Although I believe that PAS is theologically consistent with the teaching of Islam, its leaders’ stated public stand that Islam rejects religious pluralism that claims all religions to be equally good and truthful is certainly not politically correct in the context of the Malaysian plural society.
I believe PAS should look at the issue of pluralism from two broad perspectives, before making a sweeping dismissal of pluralism per se.
First, there is the pluralistic perspective that all religions are equal and “all roads lead to God”. Obviously, Islam, and, for that matter Christianity, will never endorse such a view. Islam and Christianity both teach and propagate that their respective faith is the only true religion, with all other religious systems and faiths being considered “pagan”.
Hence, it is simply impossible for a true Muslim or an honest Christian to agree to inter-faith “spiritual activities”. For a Muslim or Christian to participate, for example, in an inter-faith “worship” or prayer is to acknowledge that his faith is just one among many others, to place his God on equal standing with the deities of other religious faiths.
This is what justifies the PAS position in relationship to other faiths. And I will say that the PAS concern is valid and theologically consistent with the Islamic teaching. As a Christian, I take a similar stand that I cannot participate in an inter-religious worship service or other inter-faith spirituality activities, without dishonouring and betraying my Lord Jesus.
But, there is another perspective of pluralism which does not involve the matter of spiritual compromise, and that is the common universal moral values among all peoples of the world. And it is this common earthly destiny of all peoples that PAS should consider the vital role of Muslims to help promote peace and harmony among the people, who are the vice-regents of Allah (khalifa Allah) on Earth.
As I said before, as a Christian, I will not participate in an inter-faith worship service which will place my Lord Jesus as being among one of the gods, on equal standing with them. If I do, it will mean I am not consistent with my faith in the Lord Jesus as the only way, the truth, and the life. Such a compromise in matters of spirituality is surely not correct and honest.
My Muslim friends, too, are correct in taking a similar stand, or else their Shahada becomes a vain recitation, rendering their faith to be meaningless.

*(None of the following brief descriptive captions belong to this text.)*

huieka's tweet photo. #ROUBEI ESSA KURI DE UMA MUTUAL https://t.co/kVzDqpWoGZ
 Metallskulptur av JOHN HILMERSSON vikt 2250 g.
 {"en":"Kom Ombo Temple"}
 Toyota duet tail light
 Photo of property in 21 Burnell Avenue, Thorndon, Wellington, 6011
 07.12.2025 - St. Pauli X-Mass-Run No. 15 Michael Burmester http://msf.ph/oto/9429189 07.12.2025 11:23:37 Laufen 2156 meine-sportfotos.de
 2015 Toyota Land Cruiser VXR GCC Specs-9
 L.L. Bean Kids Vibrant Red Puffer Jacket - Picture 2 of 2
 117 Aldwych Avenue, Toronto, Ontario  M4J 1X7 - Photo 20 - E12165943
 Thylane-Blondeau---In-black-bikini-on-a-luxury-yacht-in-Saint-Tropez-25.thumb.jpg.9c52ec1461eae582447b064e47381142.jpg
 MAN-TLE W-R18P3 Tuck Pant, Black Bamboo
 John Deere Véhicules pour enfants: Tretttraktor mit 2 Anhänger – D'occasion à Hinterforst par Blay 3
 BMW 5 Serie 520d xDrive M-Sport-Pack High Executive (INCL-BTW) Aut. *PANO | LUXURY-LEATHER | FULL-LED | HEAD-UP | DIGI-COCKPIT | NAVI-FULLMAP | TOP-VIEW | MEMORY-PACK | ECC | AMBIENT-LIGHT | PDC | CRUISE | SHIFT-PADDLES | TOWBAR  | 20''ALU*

Hence, PAS is theologically correct in its stand.
However, in the matters of truth, morality, justice, righteousness, equality, freedom, human, civil and constitutional rights, I will endorse and support any inter-faith “dialogue” and joint stand and actions.
This is the other perspective of pluralism that I believe PAS should seriously study and evaluate, before dismissing the whole concept of pluralism per se.
Although the people of Malaysia are adherents of various faiths and religious systems, they are united for the common purpose of nation-building, and are jointly dealing with many fundamental civil, social, constitutional and human rights issues relating their role as citizens. Hence, the need to come together to talk and compromise.
There is an urgent need for inter-faith dialogues on matters such as the freedom to worship, teach and propagate each other’s religion, the matter of land for places of worship and burial, the right to use the national language Bahasa Malaysia without restriction in worship and religious education, the legal disputes over the conversion of individuals, particularly children, and the vital matter of co-existence.
PAS and all the responsible Muslim leaders should be willing to participate in such inter-faith dialogues as the common-interest issues need not involve doctrinal compromise or theological dispute.
I hope all parties concerned with the dispute over pluralism will understand and accept that the fundamental matter is the peaceful and harmonious co-existence of all persons or all faiths, with each practicing his faith with full sensitivity and due respect to people of other faiths.
What we want is not a theological war, but a channel for inter-faith dialogues and a medium for communication on issues of universal common interests.